タロットの使い方
大アルカナを小アルカナ化する。
タロットは、通常78枚あり、大アルカナと小アルカナというパートに分かれています。
マルセイユタロットでは特に小アルカナの数カード(数札)の絵柄が記号的(それでも記号ではなく象徴ですが)なものになっていることもあり、意図的に大アルカナと小アルカナに違いを持たせていると考察することができ、私は講座では、このふたつのアルカナの違いを明確に意識しつつ教えています。
しかし、タロットへの考え方、扱い方は、それこそ扱う人の数だけあると言ってもよく、大と小を区別なく使う方もいらゃっしゃいますし、絵柄から見ても、その違いがあまり意識されない種類のタロットもあります。
前述したように、私は両アルカナを区別していますが、それは、使い方というより、使う目的により違えていると言ったほうがいいかもしれません。
ここでも何度か書いているように、私は、大アルカナは天に向かう方向、言い換えれば現実からの開放や離脱を目的にするアルカナたちで、小アルカナは、反対に地に向かう方向、地上生活に適応するための便宜的な指針を得るアルカナたちと考えています。
私自身は、人生の目的が、すでに大アルカナ的なものになってきておりますので、自分に対しての小アルカナの活用をあまり重視していないところがあります。(他人リーディングでは別です)
ただ、人の好みは、その魂の目的も含めて、まさに人それぞれでしょうから、きちんと小アルカナについても、講座ではお伝えしておりますし、それを活用して、現実生活を充実させていくことにタロットを使うのもよいと思います。
それで、極端に現実・地上生活に、タロットの指針を活かそうという人は、やはり、タロットカードの全セット(デッキ)、つまり78枚のフルセット、フルデッキを積極的に使っていくほうがよいと思います。
従って、その場合、絵柄に大と小のあまり区別のないタロット種を使うのがよく、マルセイユタロットのことをここで書いていてなんですが(苦笑)、そういう目的の人は、マルセイユタロットではないタロットを選択すると、目的とツールがなじむ(適合する)のではないかと思います。
まあ、不思議なもので、自分に合うタロットの種類を自然に選んでいるもので、たとえ最初に選択が違っていても、学んでいる途中、あるいは最初から違和感を覚え、自分にふさわしいタロットに変えていくことは、実際によくあることです。
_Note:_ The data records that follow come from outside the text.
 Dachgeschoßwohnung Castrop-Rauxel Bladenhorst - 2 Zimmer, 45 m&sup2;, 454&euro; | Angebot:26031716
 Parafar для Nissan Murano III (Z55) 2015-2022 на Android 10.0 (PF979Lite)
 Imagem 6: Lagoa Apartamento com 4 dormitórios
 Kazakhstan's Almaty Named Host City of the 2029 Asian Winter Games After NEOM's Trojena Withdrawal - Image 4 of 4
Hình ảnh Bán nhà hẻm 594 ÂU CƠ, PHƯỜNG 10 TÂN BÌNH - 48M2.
(ですから、今使用したり、学んだりしているタロットに対し、違和感が激しい場合は、タロット種を変えることも検討すればいいと思います、習う先生も、そのタロット種を使う専門の人に変えるとよいです)
タロットで現実をよくしたいと願う人は、いわば、小アルカナ的な世界観でもって動く人になり、だからこそ、メインは小アルカナの活用が望ましく、もっと言えば、大アルカナを小アルカナ化することで、さらにカードの象徴性を具体化することができます。(現実に活きてくるということ)
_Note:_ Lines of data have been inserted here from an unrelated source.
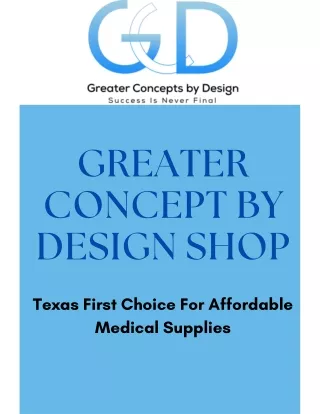 Texas' Top Picks for Medical Equipment Suppliers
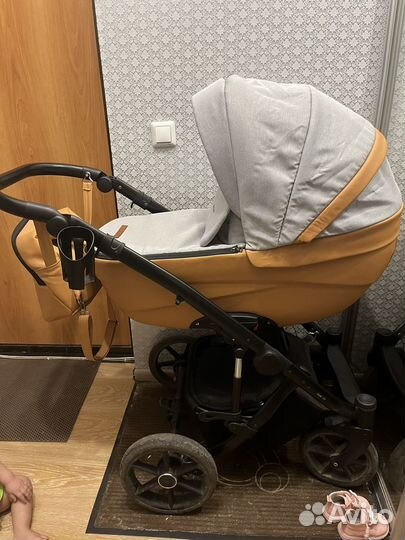 Детская коляска 2 в 1 Bexa Ideal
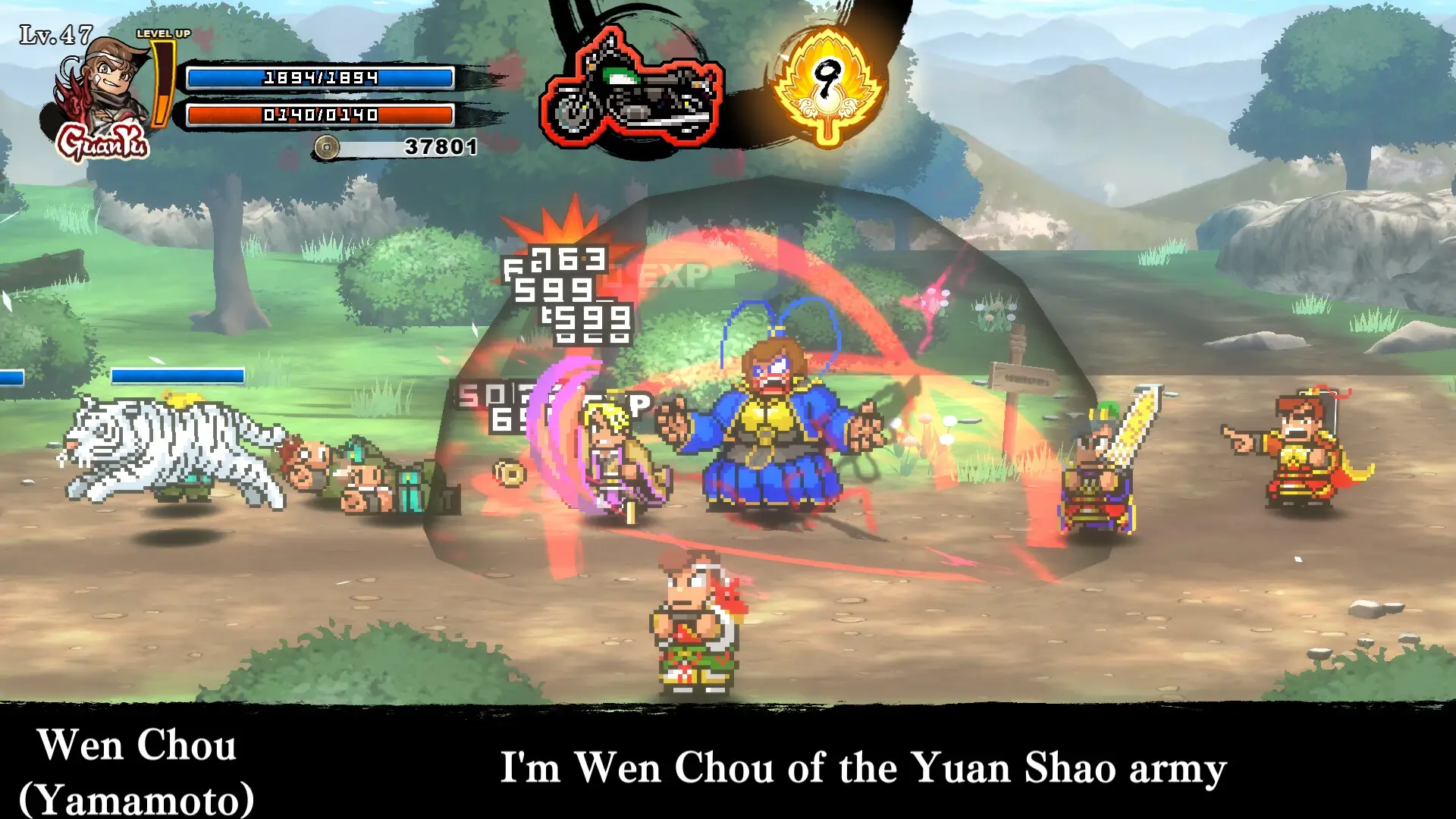 River City Saga: Three Kingdoms Next Gameplay Screenshots 3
大アルカナを小アルカナ化する方法は、いくつかあるのですが、まずは、さっきも述べたように、逆の発想になりますが、小アルカナの絵柄が大アルカナとあまり違いのないものになっているタロットを選ぶとよいです。
一見、これは小アルカナの大アルカナ化のように思えるでしょうが、実は逆で、マルセイユタロット的に見れば、小アルカナ(特に数カード)に大アルカナのような絵がつけられた感じになり、結局は絵によって、象徴性がより具体的になっているわけで、モノ的なカードの数が増えたことになって、実情は小アルカナ的なものが増加したことになるわけてす。(小アルカナは具体的世界を象徴しますので)
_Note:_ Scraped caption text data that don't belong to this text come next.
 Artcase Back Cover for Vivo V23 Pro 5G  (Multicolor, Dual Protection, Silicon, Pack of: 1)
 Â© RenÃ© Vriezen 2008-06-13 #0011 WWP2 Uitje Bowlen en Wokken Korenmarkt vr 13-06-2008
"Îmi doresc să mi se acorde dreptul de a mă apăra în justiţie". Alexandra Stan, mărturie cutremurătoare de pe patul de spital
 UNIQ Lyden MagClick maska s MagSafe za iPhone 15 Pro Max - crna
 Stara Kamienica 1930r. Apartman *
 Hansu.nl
もうひとつは、大アルカナを4組に分けて活用するという方法があります。
小アルカナの基本の枠組は、四つのグループに分けられていることです。それは四大元素(風・水・火・地)をモノとして象徴化した形です。(剣・杯・杖・玉、一般的な名称ではソード・カップ・ワンド・コイン)
一方、本来、大アルカナは、この四大元素を超えるものとして認識しなくてはならないのですが、あえて大アルカナの小アルカナ化となれば、大アルカナを逆に4組に分けるということが方法論として出てくるわけです。
しかし、大アルカナは22枚あり、4組に分けるとしても、割り切れません。そこで、「愚者」と「世界」の二枚を例外のカードとし(その二枚はオールマイティ扱いとする)、残りの20枚を5枚ずつに分けることで、4つのグループに配分することができます。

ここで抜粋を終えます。